Ni gomme ni grattoir pour rattraper les défauts, il n’en a pas:  “Il n’y a pas de défaut quand on y met le temps et le soin qu’il faut.” Architecte de métier et dessinateur hors pair, Pierre a décidé un jour, à l’approche de sa septième décennie (il a 75 ans aujourd’hui), de se lancer dans ce travail titanesque, l’ultime pour lui. En commençant bien sûr par Jan Van Eyck, fatalement le peintre le plus cher au cœur de ce dessinateur amoureux de sa ville de Gand, qu’il ne quitterait pour rien au monde. Connu comme un loup blanc dans la cité d’Artevelde sous son pseudonyme de caricaturiste, Gipi, (pour Gillis, Pierre) il en a croqué tous les B.V. (Bekende Vlamingen, Flamands connus) et leurs quartiers de résidence pendant des années de collaboration au journal local, “De Gentenaar”. 

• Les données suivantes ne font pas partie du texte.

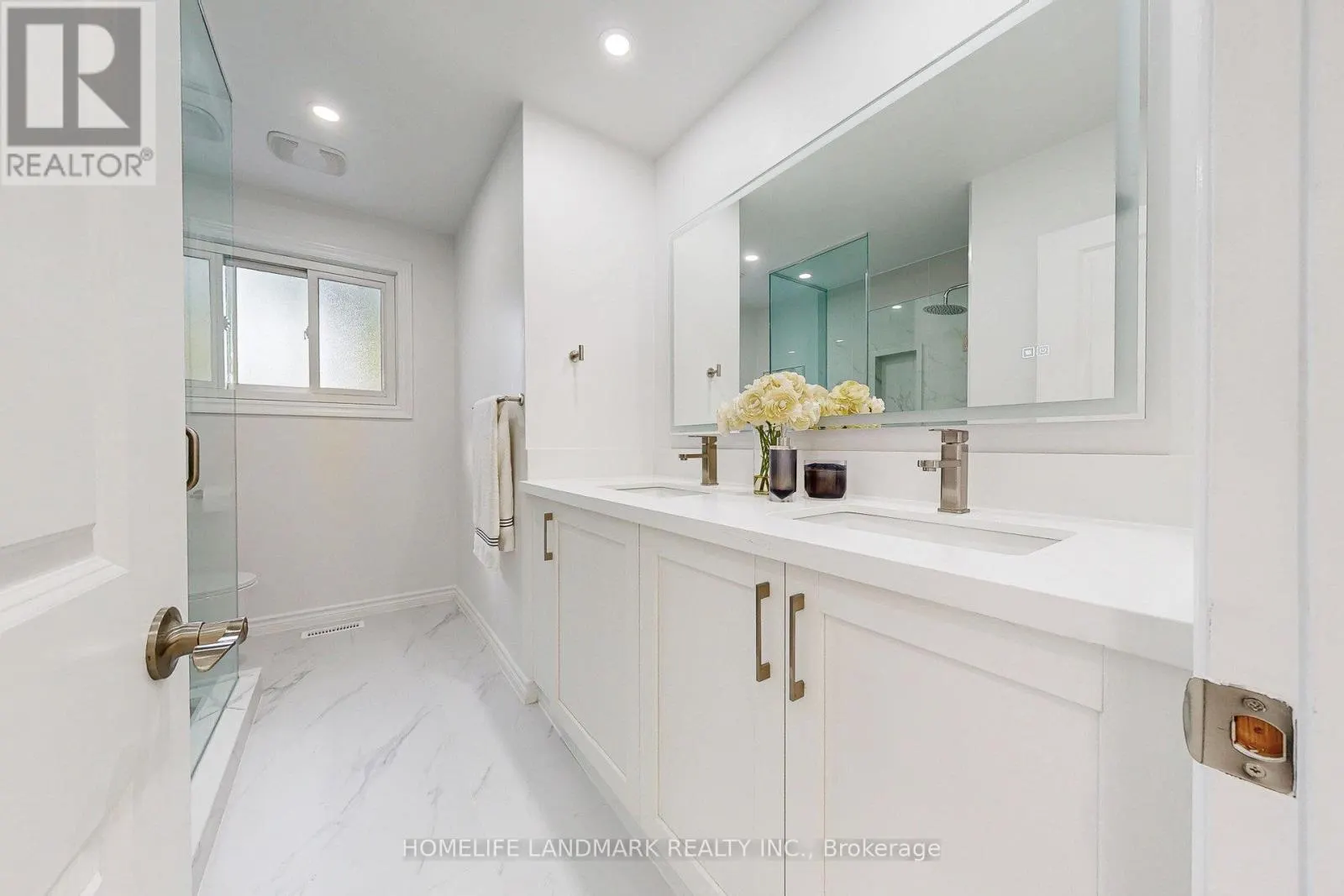 17 OLDBOROUGH CIRCLE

Pierre Gillis, avant d'achever le dessin sur Escher

Il a commencé à Uccle, avec Franquin

C’est à Gand, à Saint-Luc, qu’il a étudié l’architecture. Mais c’est à Uccle, dans l’atelier d’André Franquin qu’il considère comme un des plus grands génies du dessin, qu’il a vraiment découvert sa vocation de caricaturiste: “Nous étions quelques débutants autour de lui. Il nous a donné à chacun un crayon et nous a montré, en nous tapant sur les doigts, comment le tenir et surtout, comment dessiner en s’appuyant sur le bout du petit doigt posé sur le papier. Le petit doigt devient ainsi un point d’appui, un pivot autour duquel la main tourne, tenant fermement le crayon sans tremblements ni fatigue.” La première leçon, magistrale, a été la bonne. Gillis a continué à collaborer au sein de l’atelier de Franquin, avant de se lancer solo dans une carrière qui lui a valu un titre de meilleur dessinateur d’Europe – tout en exerçant par ailleurs la profession d’architecte et en devenant également, par goût, un excellent chef coq. Il met la même passion à concocter des menus (et à les calligraphier) que dans tout ce qu’il entreprend. Pour faire vivre le monde de Jan Van Eyck avec exactitude jusque dans les tentures et les vases de fleurs, il a écrémé plus de 500 toiles de l’époque. Et a fait de même avec Jérôme Bosch, Léonard de Vinci, Le Caravage, Rembrandt, Rubens, Vermeer, Dürer, Michel-Ange, Turner, Goya, Van Gogh, Monet, Picasso, Mondrian, Escher, Lucian Freud, Ensor, Wilkie, Alfred Stevens, De Kooning, Hokusai, Caspar Friedrich, Andy Warhol, Roy Liechtenstein, Frida Kahlo… L’immense travail est aujourd’hui terminé. Gipi a encore quelques années de plaisir devant lui, mais pour quel projet? S.P.